The Wizard’s Cookbook by Ronny Emborg is always a good go-to. I have the entire collection of Robert Laffont cookbooks [called Les Recettes Originales] from the early ’80s — that’s with all the two- and three-Michelin-star French chefs. They are incredible to look at and read through because even though a lot of that cooking was done 30, approaching 40, years ago, it’s still as incredibly relevant now as it was then.
What are your long-term plans at The Inn at Dos Brisas once it reopens?
I would like to continue developing our own brand of gardening Texas cooking. Once again, staying on that highly vegetable, produce-forward slant. That’s something that we’re a little bit known for.
Even though we are in Texas and we serve beautiful beef, really the vegetables that come out of the garden are the star of our show, and it’s how we utilize them that makes it unique.

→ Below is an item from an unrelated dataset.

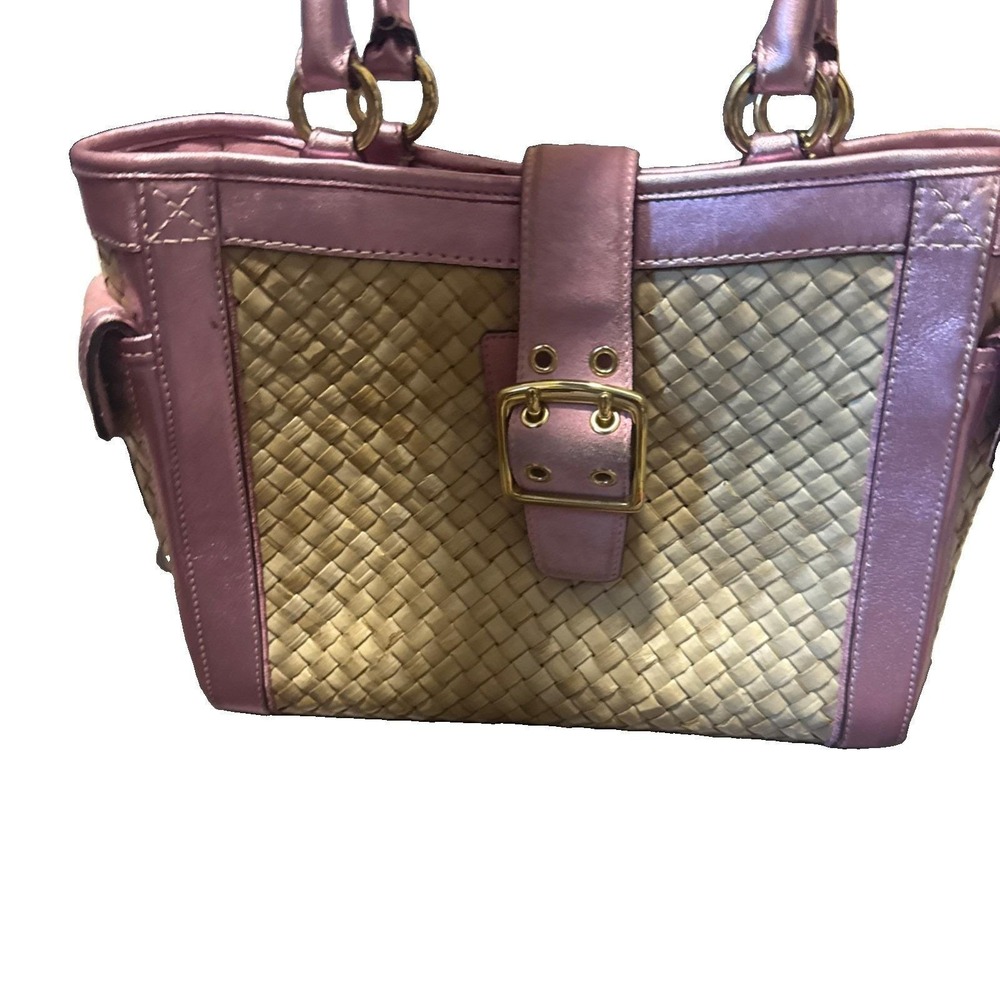 Coach Vintage Pink Basket Leather Tote Bag Purse Straw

What’s a dish there that’s a must?
We raise our own Freedom Ranger chickens and roast them on a bed of hay herbs in a Dutch oven that’s enclosed with sourdough bread dough. It’s become one of our standbys. It’s a beautiful dish.
The technique for it was something that I learned when I worked for David Bouley, and it’s something that we’ve perfected at Dos Brisas. The chickens are raised onsite, they’re lightly brined and then we butter them and lay them in that Dutch oven that’s lined with hay that’s savory and thyme. Then we seal the lid with sourdough bread dough and roast it for about 45 minutes.
The birds are incredibly flavorful, tender and juicy, and they pick up a lot of the sweetness from the grass and the herbaceousness from the herbs. We tend to garnish it vegetable-wise with whatever is seasonal. Midsummer we do lots of summer squashes and squash blossoms, and going into the fall and winter months, it’ll be sunchokes and apples or preserved peaches from the summer.
What makes The Inn at Dos Brisas special?
I think what makes it special is that it’s remote, but it’s not remote. Because of the size of the ranch, you’re on your own kind of compound almost. With 330 acres but only nine guest rooms, the only time throughout the day you may see another guest is at dinner. It gives you an opportunity to unplug, relax and reset in a very quiet tranquil setting.
I think the ranch has a very unique natural beauty that I didn’t understand Texas had before I had come to Texas 10 years ago. I think that’s really, really special.